Montenegrin Volleyball League
- Sport: Volleyball
- Founded: 2006
- No. of teams: 6
- Country: Montenegro
- Confederation: CEV
- Continent: Europe
- Most recent champion: OK Budva (3rd title)
- Most titles: Budvanska Rivijera (9 titles)
- Broadcaster: RTCG
- Level on pyramid: 1
- Related competitions: CEV Champions League CEV Cup CEV Challenge Cup
- Website: oscg.me

= Montenegrin Volleyball League =

Sports league in Montenegro

The Montenegrin Volleyball League (montenegrin: Odbojkaški savez Crne Gore) is the highest level of men's volleyball in Montenegro and it is organized by Montenegrin Volleyball Federation. In the Montenegrin Volleyball League currently competes 8 clubs.

==History==

===Before independence===
In the period before independence, Montenegrin volleyball clubs played in SFR Yugoslavia, FR Yugoslavia and Serbia and Montenegro competitions. From the season 1980-81, OK Budućnost from Podgorica became a permanent member of Second Yugoslav League, where other Montenegrin teams also played one or few seasons (Budvanska Rivijera, Rudar Pljevlja, Brskovo Mojkovac, Lovćen Cetinje). First time when Montenegrin teams played in the top-tier was during the season 1991-92. During that edition, in Yugoslav First League debuted two clubs from Montenegro - OK Budućnost and OK Budvanska Rivijera (at that time OK Avala). While Budućnost remained a member of top-tier all the time, Budvanska Rivijera was relegated after two consecutive seasons. Team from Budva made a comeback to the top-tier on season 1997-98.

From the end of nineties, in FR Yugoslavia and Serbia and Montenegro, two clubs played important role, with four champion titles. First significant success made Budućnost on season 1997-98, as they participated in the playoff finals.

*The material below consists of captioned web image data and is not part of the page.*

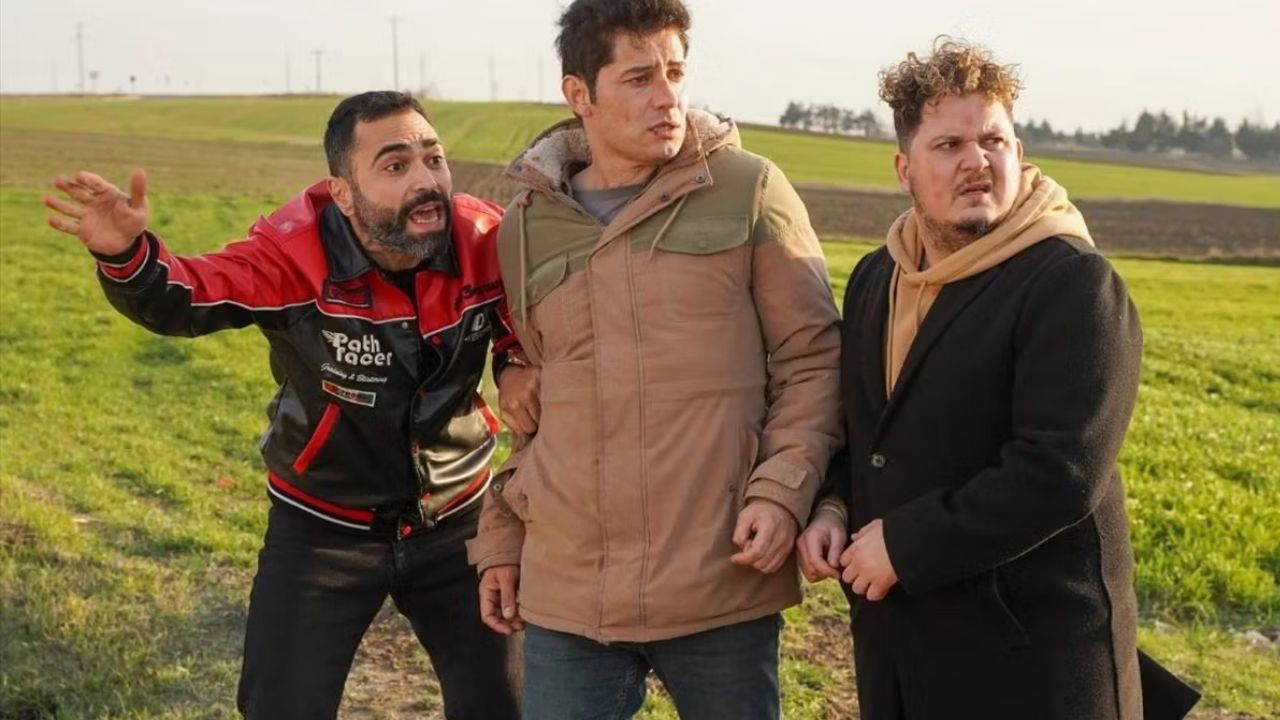 Üçlü Pürüz Filmi Konusu ve Oyuncuları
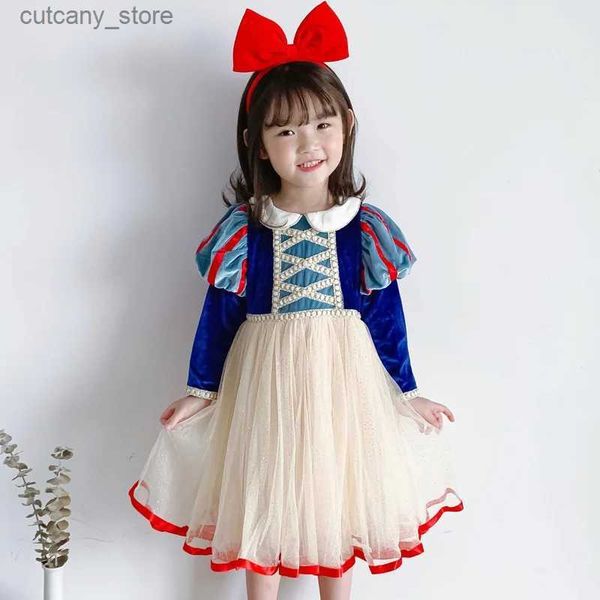 Vestidos de niñas Partido para niñas Vestido de cosplay princesa disfraz de cumpleaños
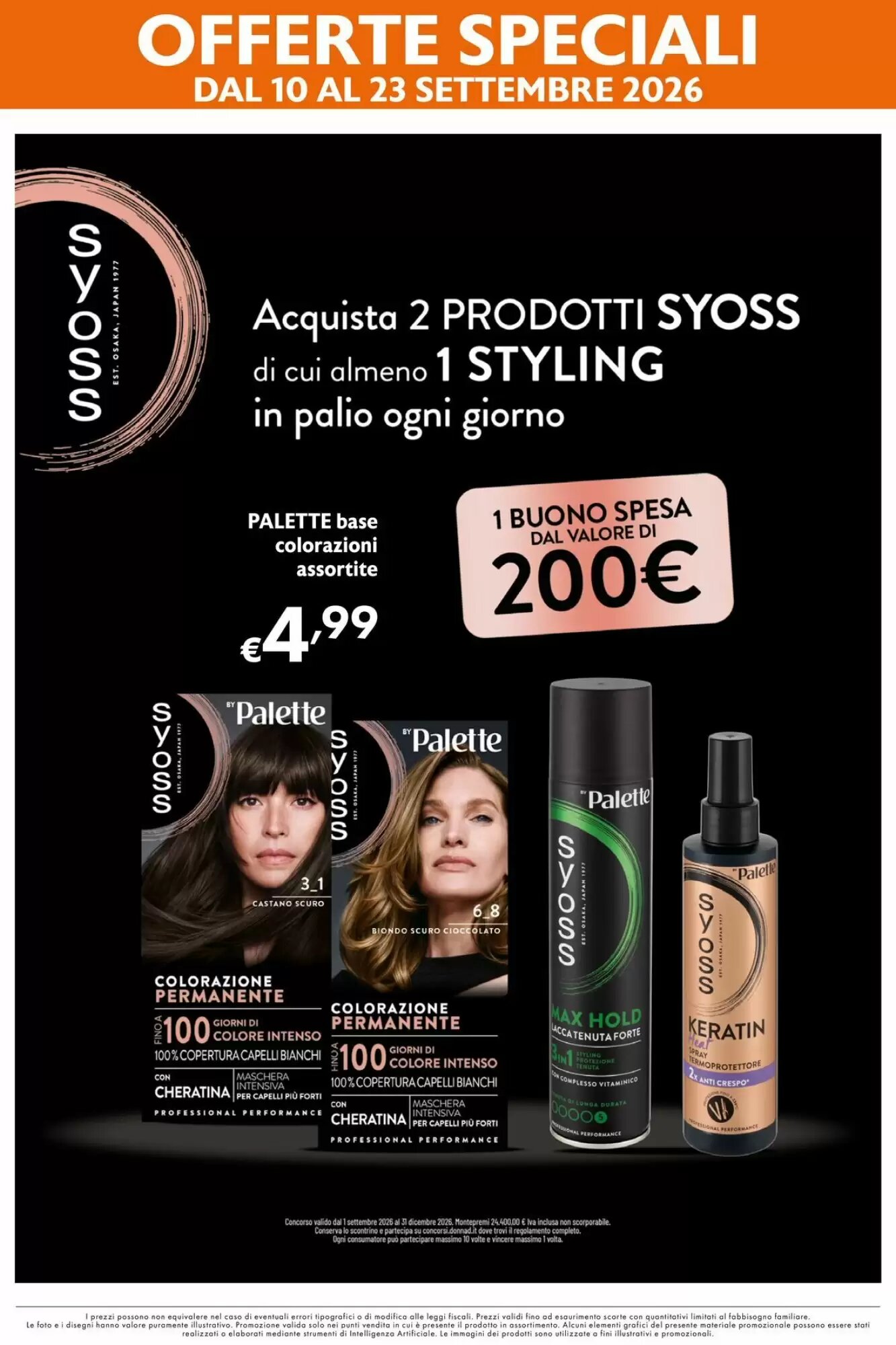 Volantino promozionale Eurospesa  valide dal 10/09/2026 - Pagina 10.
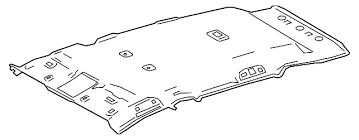 Ізоляція термошумова 633100R160B0 TOYOTA
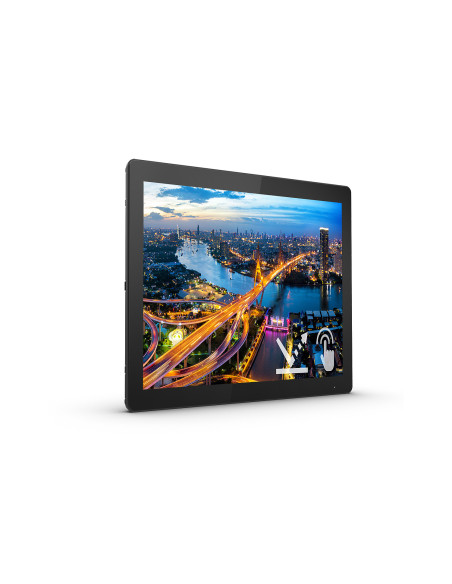MONITOR  Philips 17 inch, afisaj indoor | touchscreen, TFT, Full HD (1920 x 1080), Clasic, 400 cd mp, 4 ms, HDMI | VGA | DVI-D |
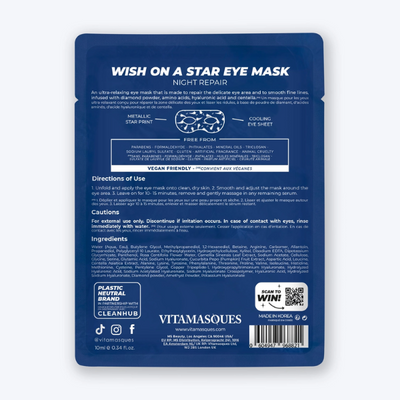 Wish On a Star Eye Night Repair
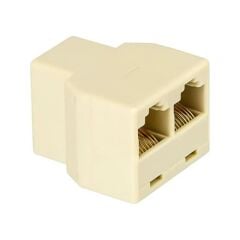 Telefon Ara Bağlantı Buatı 1 Dişi / 2 Dişi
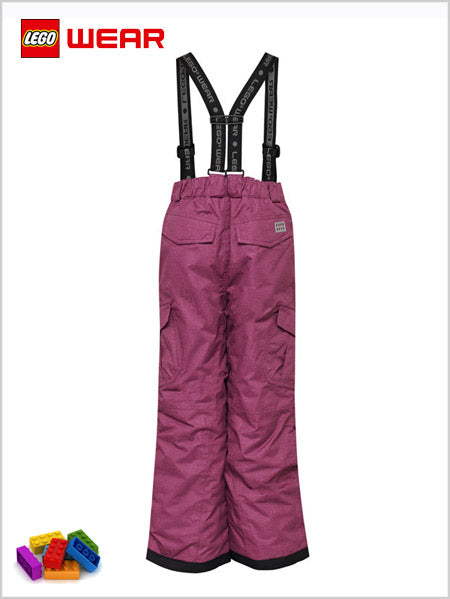 Platon 704 - LEGO® Wear Tec snow pant - purple (age 7)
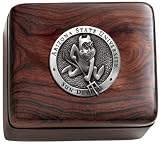 Arizona State Sun Devils Ironwood Box (6x4x2) - NCAA College Athletics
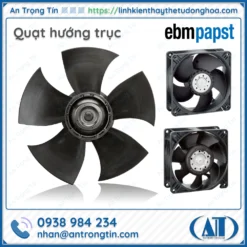 Quạt Ebmpapst - Quạt tản nhiệt, quạt hút Ebmpapst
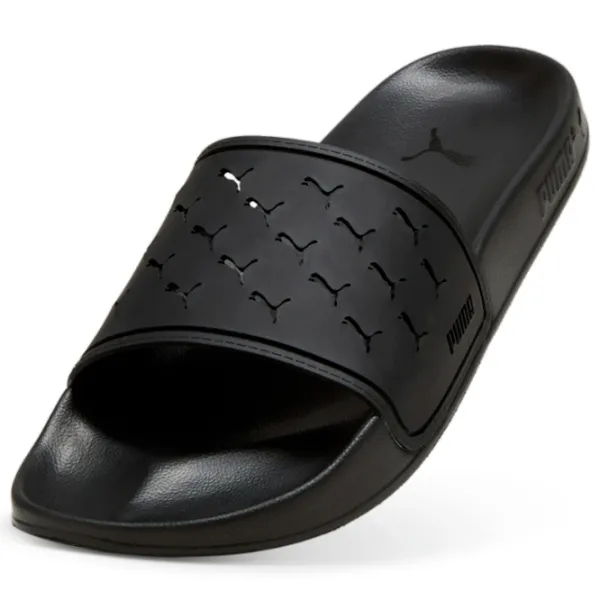Șlapi unisex Puma Leadcat 2.0 Cut Out  Black photo 4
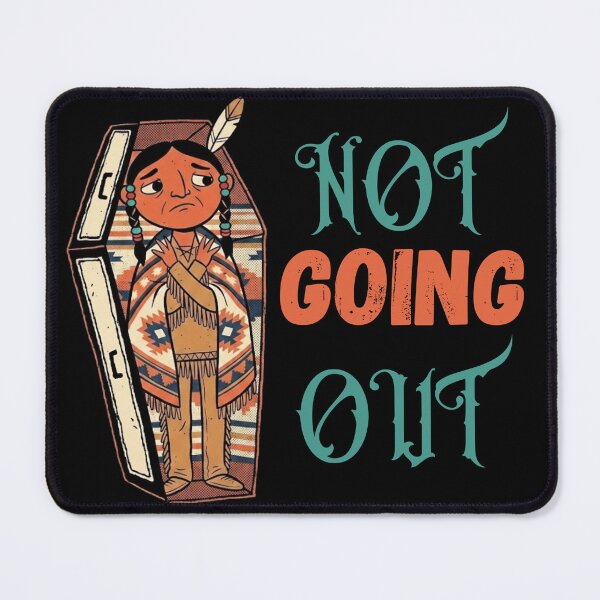 Item preview, Not Going Out designed and sold by QhapaqStore.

Team from Podgorica didn't succeed to win the title, as they were defeated in the three-game series against Vojvodina (0-3 in series).

The first national title for some Montenegrin team came on season 2000-01. In the playoff final series, Budvanska Rivijera held the title after four games against Milicionar (3-1 in series).

Next year, two Montenegrin teams played in the Yugoslav playoff finals. Budućnost won the final stage against Budvanska Rivijera (3-1 in series) and held the first trophy in the club's history. Their four games were remembered by big rivalry and the highest attendance in the history of final series (average 4,500 per game), while one of the games in Podgorica attended 7,500 spectators, which remained the all-time record attendance for Yugoslav volleyball championship.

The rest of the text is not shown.